Ontem realizou-se na Fundação Gulbenkian a Conferência Internacional de Educação "2017 Inovação: Na Escola e pela Escola".
O Ministro da Educação realizou uma intervenção a que acedo através da imprensa e merece umas notas.
Uma primeira referência à “inovação” e à colagem recorrente da “inovação” às competências digitais, às novas tecnologias.
Como tenho escrito não simpatizo com a recorrente referência à “inovação” na educação e na escola. Confesso que já me cansa tanto “inovar”, tantas referências a "novas formas de ensinar".
 Mudar algo na forma como se faz não é o mesmo que inovar, fazer qualquer coisa de novo. Nestas matérias, talvez de forma simplista mas é intencional, penso como Almada Negreiros quando referia na "Invenção do Dia Claro”, "Nós não somos do século de inventar palavras. As palavras já foram inventadas. Nós somos do século de inventar outra vez as palavras que já foram inventadas”.

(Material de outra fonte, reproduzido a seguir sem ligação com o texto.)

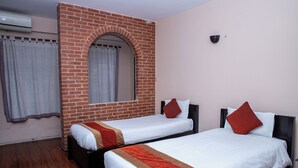 A hotel room with two single beds, a brick wall, an arched doorway, and an air conditioning unit. - Thamel Eco Resort (Kathmandu)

Dito de outra maneira, já conhecemos as palavras da educação, apenas temos que ir ajustando o que fazemos com elas. Peço desculpa, só para dar dois exemplos comuns, não creio que utilizar um tablet na sala de aula seja inovar, é fazer o que de há muito sabe, o trabalho em sala de aula deve reflectir o estado da arte das comunidades em matéria de desenvolvimento científico, ou seja, o tablet é “novo” mas a prática nem tanto. Também não creio que um trabalho que articule conteúdos curriculares de diferentes disciplinas seja “inovador” embora se possa dizer que não é tão frequente como se desejaria ou que as múltiplas variáveis que envolvem os processos de ensino e aprendizagem não facilitam.
Segunda nota, o Ministro sublinhou a importância incontornável do professor, “Todos os dispositivos sofisticados e wifi do mundo não vão fazer diferença se não tivermos grandes professores nas salas de aula”. Estamos de acordo mas para assim seja não basta a retórica, os professores, as escolas precisam de condições, politicas e recursos que potenciem o trabalho do professor, que o desburocratizem, valorizem e estabilizem, só para referir alguns aspectos.

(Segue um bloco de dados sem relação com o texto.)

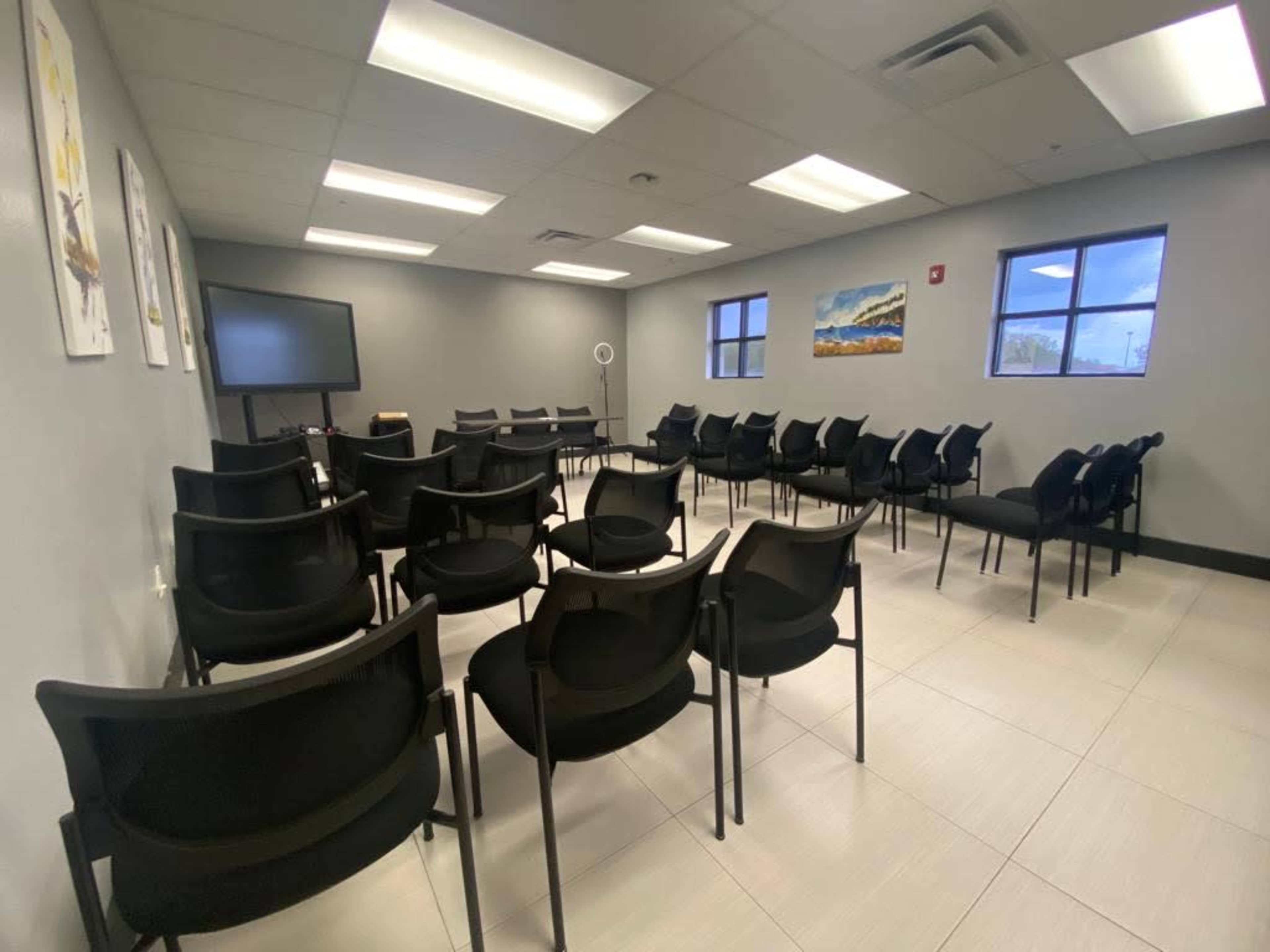 The image shows a meeting room with rows of black chairs arranged around a central space, a television on a stand, and artwork on the walls.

A terceira referência para a necessidade de uma Escola-Alfaiate “"Chega agora o momento de encontrarmos a resposta que melhor nos convenha para, de uma forma longa no tempo, assegurarmos a Escola-Alfaiate que o mundo contemporâneo já há algum tempo nos vem exigido. Uma Escola à medida de todos, de cada um, da nossa rua, como do nosso mundo".
Muito bem Senhor Ministro, uma escola à medida de cada aluno. Será mesmo isso que quis dizer?
Uma pequena dúvida, como se constrói uma escola à medida de cada aluno? Pode experimentar começando por um dos mega-agrupamentos com mais de 3000 alunos.
Peço desculpa Senhor Ministro mas o caminho não passa por uma “escola à medida de cada um” passa por uma escola onde caibam todos e onde todos encontrem resposta para a sua diversidade. Não é a mesma coisa, certo?
E uma escola onde caibam todos não passa apenas pela afirmação do desejo de que assim seja. Vejamos.
É evidentemente um processo complexo mas passa por identificar e prevenir dificuldades de forma precoce.
Passa pela definição de currículos adequados, com a estruturação de dispositivos de apoio eficazes, competentes e suficientes a alunos e professores.
Passa pela definição de políticas educativas que sustentem um quadro normativo simples e coerente e modelos adequados e reais de autonomia, organização e funcionamento das escolas, com a definição de objectivos de curto e médio prazo.
Passa pela valorização do trabalho dos professores.
Passa pela promoção de práticas com melhores níveis de diferenciação e expectativas positivas face ao trabalho e face aos alunos.
Passa por mais trabalho e dispositivos de apoio a intervenção de natureza colaborativa ou tutorial, quer para professores quer para alunos.
Passa racionalizar a rede, em termos de escola ou turma, depois do movimento da excessiva concentração de alunos, etc.
Passa por dispositivos de regulação que apoiem professores, direcções e escolas no desenvolvimento dos projectos educativos das suas comunidades.
Passa por …
Isto não produzirá certamente uma “Escola-Alfaiate”, essa escola já existe de certa forma tantos são os cortes, remendos e costuras que tem sofrido embora reconheça, é justo dizê-lo, que algumas mudanças tem vindo a acontecer num sentido mais positivo.
Talvez contribua para o desenvolvimento de instituições educativas que através da acção diária dos professores possam fazer a diferença e acomodar a diversidade nos alunos, todos os alunos.